I agree ... not ok to hold snakes for hours at a time. Still, I think your never handle except for husbandry approach comes from your view of keeping snakes as a _hobby_, as apposed to those who have a small number of snakes which they see as _pets._ 

This is a fundemental difference of perspective. For example, someone who has a 'pet' snake (and handles responsible for short periods with respect to the animals wellbeing and behaviour) might find it hard to understand how the attitude of 'snakes arn't meant to be touched, just looked at' can be held, when at the same time you could just as well argue 'snakes are wild animals and should be left as such and not held/bred in captivity'. 

My opinion (which apparently - according to some people - is invalid as I am a first time owner of a spotted python), is that it's up to the individual if they handle or not, but if so the person needs to take their cues from the animal itself. 

Lizzie


----------



## Mangles (Oct 3, 2008)

zoocam said:


> i have to disagree with sooo much rubbish that has been written on this thread. if i was to truely write what i feel i would most likely end up with a infraction. so i will try and be fairly polite.
> i do not and will never ever ever just handle for the "fun" of it.
> snakes DO NOT WATCH TV OR MOVIES......
> handling snakes for hours on end means you will most likely end up with a stressed out or sick snake.
> ...




Totally agree.


----------



## hydropython (Oct 3, 2008)

zoocam said:


> i have to disagree with sooo much rubbish that has been written on this thread. if i was to truely write what i feel i would most likely end up with a infraction. so i will try and be fairly polite.
> i do not and will never ever ever just handle for the "fun" of it.
> snakes DO NOT WATCH TV OR MOVIES......
> handling snakes for hours on end means you will most likely end up with a stressed out or sick snake.
> ...



Unfortunately, your comment bears an unfortunate similarity to the i have a cute hatchling spotted python and i hold it every day from when i get home to when i get to bed.

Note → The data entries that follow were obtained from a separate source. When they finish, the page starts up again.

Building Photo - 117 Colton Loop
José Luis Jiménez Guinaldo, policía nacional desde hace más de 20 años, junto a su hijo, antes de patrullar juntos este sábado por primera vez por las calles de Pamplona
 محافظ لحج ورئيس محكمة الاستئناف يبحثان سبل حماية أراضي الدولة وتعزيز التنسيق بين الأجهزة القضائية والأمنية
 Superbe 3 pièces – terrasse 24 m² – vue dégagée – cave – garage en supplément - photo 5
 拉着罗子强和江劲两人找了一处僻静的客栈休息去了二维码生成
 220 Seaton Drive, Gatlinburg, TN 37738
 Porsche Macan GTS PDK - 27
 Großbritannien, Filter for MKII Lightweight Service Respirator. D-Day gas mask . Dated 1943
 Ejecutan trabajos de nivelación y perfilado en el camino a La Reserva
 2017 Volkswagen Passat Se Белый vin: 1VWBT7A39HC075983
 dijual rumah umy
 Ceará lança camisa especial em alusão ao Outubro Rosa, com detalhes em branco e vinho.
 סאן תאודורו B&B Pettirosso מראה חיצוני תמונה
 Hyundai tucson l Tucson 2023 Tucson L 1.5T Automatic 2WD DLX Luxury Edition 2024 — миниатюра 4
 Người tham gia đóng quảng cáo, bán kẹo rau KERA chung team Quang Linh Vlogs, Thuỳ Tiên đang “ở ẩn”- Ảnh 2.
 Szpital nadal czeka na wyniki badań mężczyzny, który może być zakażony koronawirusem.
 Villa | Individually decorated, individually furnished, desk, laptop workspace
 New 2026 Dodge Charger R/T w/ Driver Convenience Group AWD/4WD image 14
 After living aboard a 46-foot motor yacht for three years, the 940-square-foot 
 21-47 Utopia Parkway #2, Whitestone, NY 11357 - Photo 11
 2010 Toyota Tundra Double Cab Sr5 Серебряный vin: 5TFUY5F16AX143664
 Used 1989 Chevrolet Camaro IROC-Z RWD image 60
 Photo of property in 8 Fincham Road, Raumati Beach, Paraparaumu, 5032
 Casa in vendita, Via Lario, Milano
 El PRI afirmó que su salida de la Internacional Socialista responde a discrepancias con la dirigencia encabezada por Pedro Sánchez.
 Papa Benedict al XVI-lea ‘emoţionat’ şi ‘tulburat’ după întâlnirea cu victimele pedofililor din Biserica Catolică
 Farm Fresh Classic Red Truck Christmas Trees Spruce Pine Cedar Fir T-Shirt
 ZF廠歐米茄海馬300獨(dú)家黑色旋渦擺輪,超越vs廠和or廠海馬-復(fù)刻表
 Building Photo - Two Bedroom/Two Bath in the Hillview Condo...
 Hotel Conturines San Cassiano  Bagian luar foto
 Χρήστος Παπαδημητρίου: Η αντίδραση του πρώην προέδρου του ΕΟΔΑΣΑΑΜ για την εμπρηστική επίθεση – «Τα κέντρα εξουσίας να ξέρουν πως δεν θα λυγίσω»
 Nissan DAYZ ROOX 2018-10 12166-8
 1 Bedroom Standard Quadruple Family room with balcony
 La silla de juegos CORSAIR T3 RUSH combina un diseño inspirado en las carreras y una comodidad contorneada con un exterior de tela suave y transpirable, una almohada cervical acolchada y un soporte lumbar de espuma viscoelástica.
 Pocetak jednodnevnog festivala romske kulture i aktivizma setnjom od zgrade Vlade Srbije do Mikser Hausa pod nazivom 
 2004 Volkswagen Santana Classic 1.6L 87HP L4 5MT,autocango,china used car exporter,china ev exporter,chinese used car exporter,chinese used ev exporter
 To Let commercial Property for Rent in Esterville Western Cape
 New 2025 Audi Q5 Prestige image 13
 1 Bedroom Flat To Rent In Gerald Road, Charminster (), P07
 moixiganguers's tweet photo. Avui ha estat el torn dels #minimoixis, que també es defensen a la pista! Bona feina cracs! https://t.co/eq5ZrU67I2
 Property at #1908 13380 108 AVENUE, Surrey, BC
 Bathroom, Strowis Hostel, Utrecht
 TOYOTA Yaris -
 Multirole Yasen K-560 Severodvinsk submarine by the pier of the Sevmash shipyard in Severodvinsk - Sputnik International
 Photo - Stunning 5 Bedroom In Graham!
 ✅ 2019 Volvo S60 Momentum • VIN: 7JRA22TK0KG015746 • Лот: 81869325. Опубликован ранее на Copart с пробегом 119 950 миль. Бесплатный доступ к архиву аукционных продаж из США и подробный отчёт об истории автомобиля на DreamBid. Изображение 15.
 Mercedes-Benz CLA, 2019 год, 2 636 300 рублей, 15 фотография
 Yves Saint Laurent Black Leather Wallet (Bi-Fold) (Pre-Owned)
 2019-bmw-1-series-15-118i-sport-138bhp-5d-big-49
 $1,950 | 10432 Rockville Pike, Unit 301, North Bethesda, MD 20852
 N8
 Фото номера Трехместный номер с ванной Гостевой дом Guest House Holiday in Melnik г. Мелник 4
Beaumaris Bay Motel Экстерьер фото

The similar factor is a total lack of anything but supposition and personal anecdotes. "snakes are meant to be looked at , not touched." This comment is the worst part of it.

Snakes aren't meant for anything. nor are humans - except survival.

At the end of the day it woudl be impossible for someone who has a large collection to hold any animal for an extended period of time on a regular basis, the amountof animals would prohibit this.

HOwever, some snakes can respond well to situations such as this with no ill effects. Some don't respond badly to extended periods of handling.

ITS AN INDIVIDUAL ANIMAL TRAIT, not a you have to keep them like this, with your cage facing north to south, the feng shui just right, you must never open a cage without first repeating a sutra and dancing around in a circle 35 times clockwise and 43.2 times anti-clockwise.

Just because you have managed to keep your own collection in this way, doesn't necessarily mean its the only way to do things.

Look at the american bearded dragon information given about the necessity for daily bathing.
It may work, but its certainly not a necessity.

the argument is similar to this.

Just as some dogs are totally intolerant of contact with people or other dogs, some are not.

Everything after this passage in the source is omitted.